### [EXERCISE DESCRIPTION]
Type out the complete listing below word for word, without its pictures.

### [MATERIAL PROVIDED]
──────────────────────────────
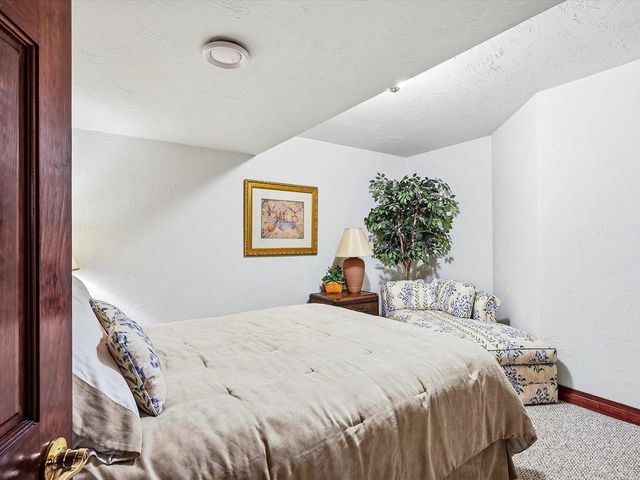 900 MT HOOD COURT, Green Bay, WI 54311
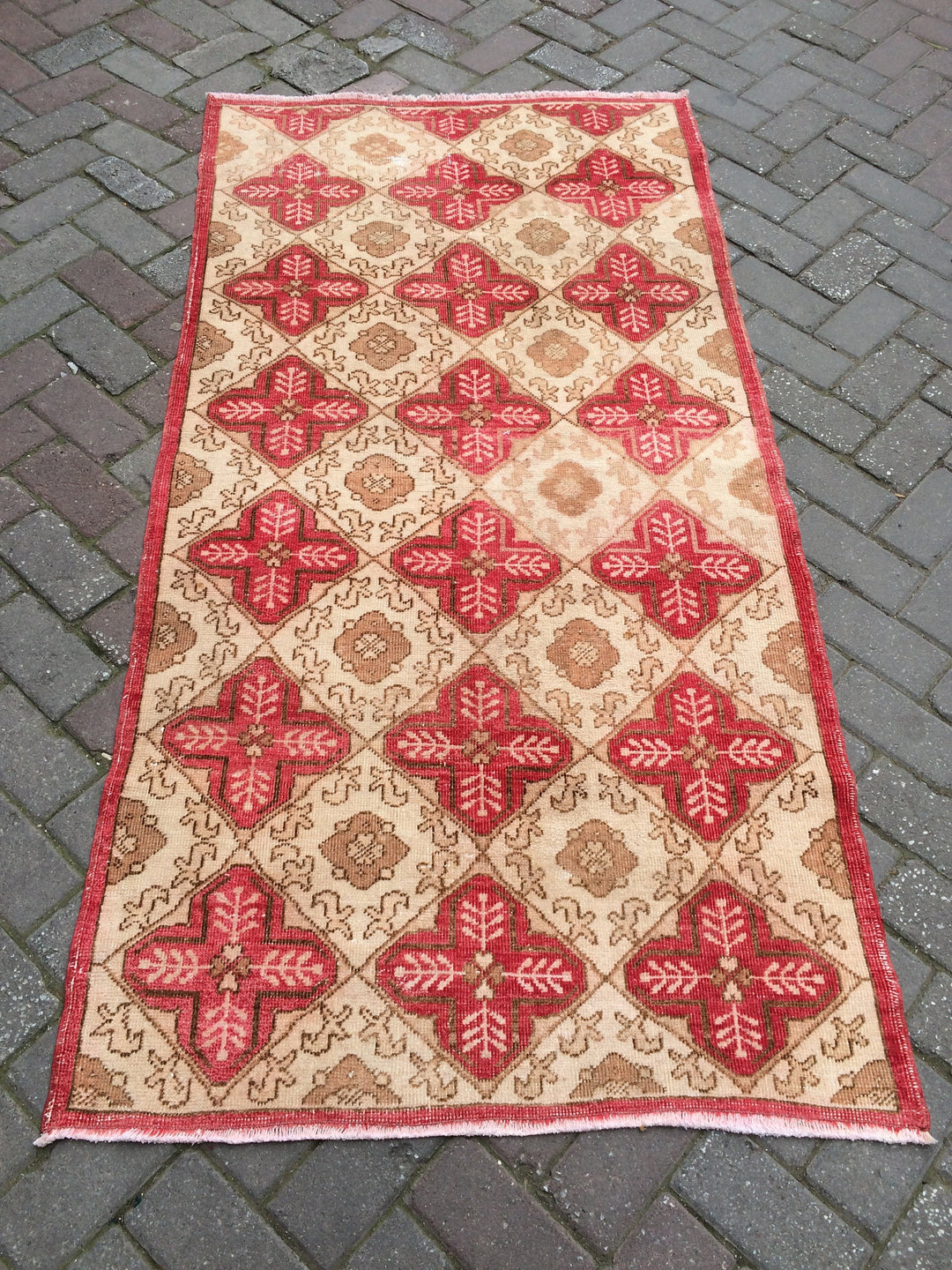 Turkish Oushak Rug 5'6" x 8'2" Hand-Knotted border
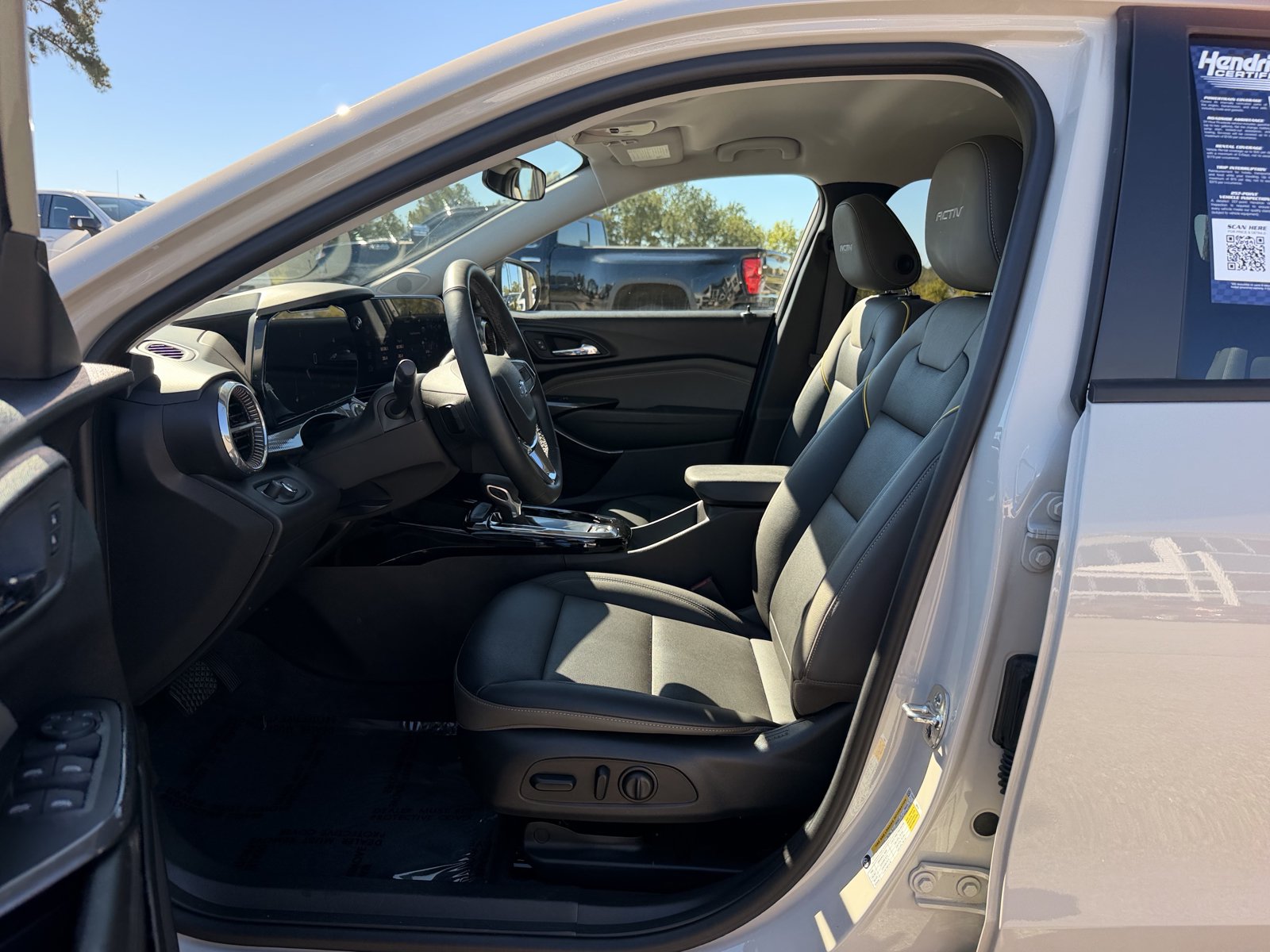 Used 2026 Chevrolet Trax ACTIV w/ Driver Confidence Package FWD image 14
──────────────────────────────
### [RESULT OF THE TASK]
 900 MT HOOD COURT, Green Bay, WI 54311
 Turkish Oushak Rug 5'6" x 8'2" Hand-Knotted border
 Used 2026 Chevrolet Trax ACTIV w/ Driver Confidence Package FWD image 14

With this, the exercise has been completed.